Lonnie, Tom:
Here's a somewhat complicated example of what Tom's talking about from
my own programs.
HOWEVER, you should use this kind of structure sparingly, if at all.
SQL is a declarative language, rather than a procedural one. For
updates to groups of records, you should put the updates in sets and use
declarative statements whenever possible, rather than a looping
structure.
If you find you *have* to do a lot of looping rather than taking a
declarative approach, you might want to consider changing languages.
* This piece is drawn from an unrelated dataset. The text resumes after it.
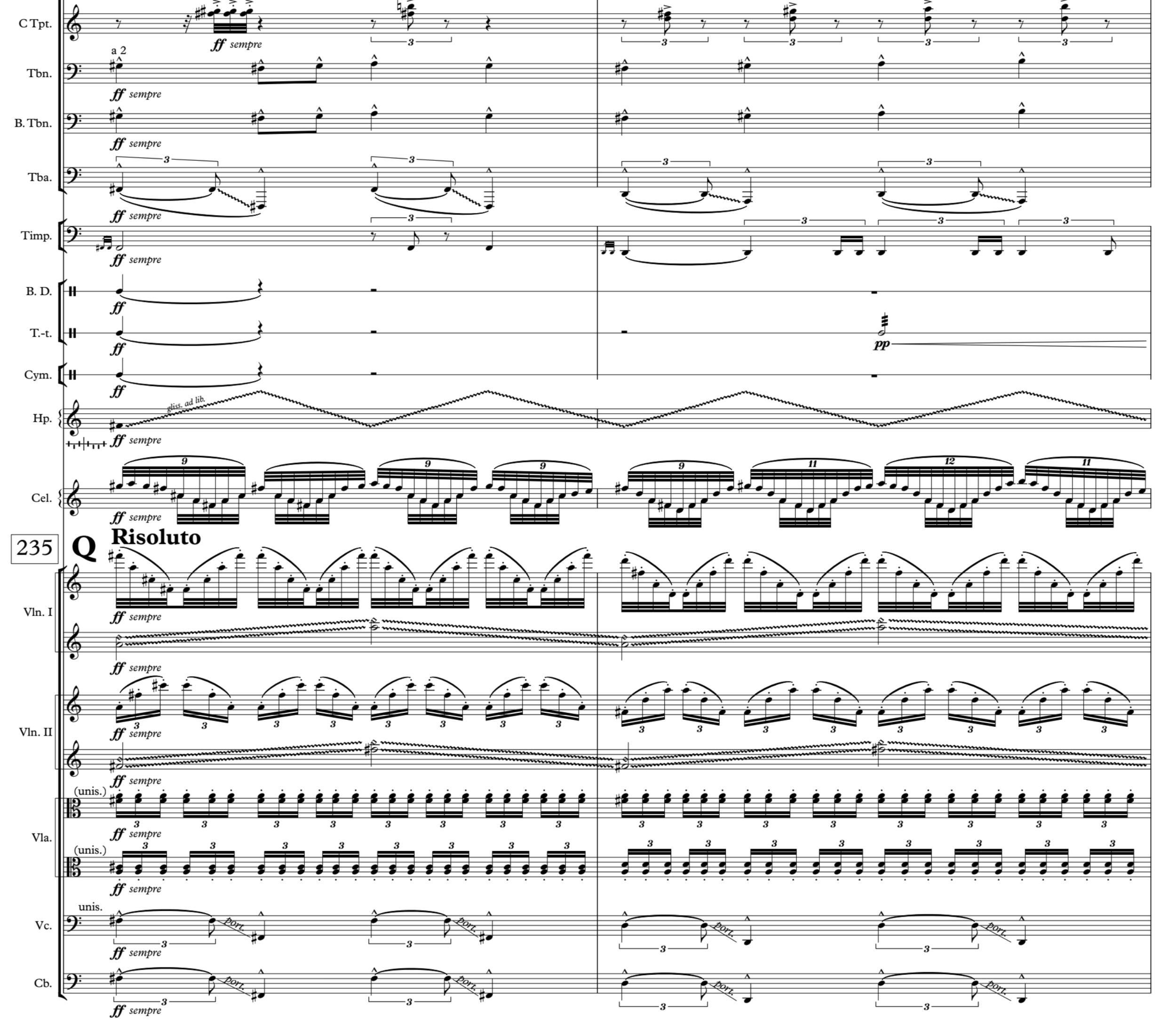 A sheet of music notation with multiple staves, notes, and symbols indicating musical composition for various instruments.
PL/perl, PL/TCL and C are all much better equipped to handle loops and
arrays than PL/pgSQL and SQL.
The example, part of a 279-line function which calculates a weighted job
score evaluation for an HR database:
--Calculate DETAILS modifier
--loop through details one at a time, adding to candidates
--that have that detail
count_odetails := count_details - COALESCE(count_rdetails, 0);
IF count_odetails > 0 THEN
insert_loop := 0;
WHILE insert_loop < count_odetails LOOP
SELECT detail_id INTO detail_no
FROM order_details
WHERE order_usq = v_order AND detail_req = FALSE
ORDER BY detail_id
LIMIT 1 OFFSET insert_loop;
insert_loop := insert_loop + 1;
UPDATE matches SET match_score = match_score +
(20::NUMERIC/CAST(count_details AS
NUMERIC))
FROM candidate_details
WHERE candidate_details.candidate_usq =
matches.candidate_usq
AND match_sq = match_id
AND detail_id = detail_no;
END LOOP;
END IF;
(NOTE: OFFSET will not accept any math if set dynamically {as above}.
Thus, "LIMIT 1 OFFSET insert_loop + 1" will error).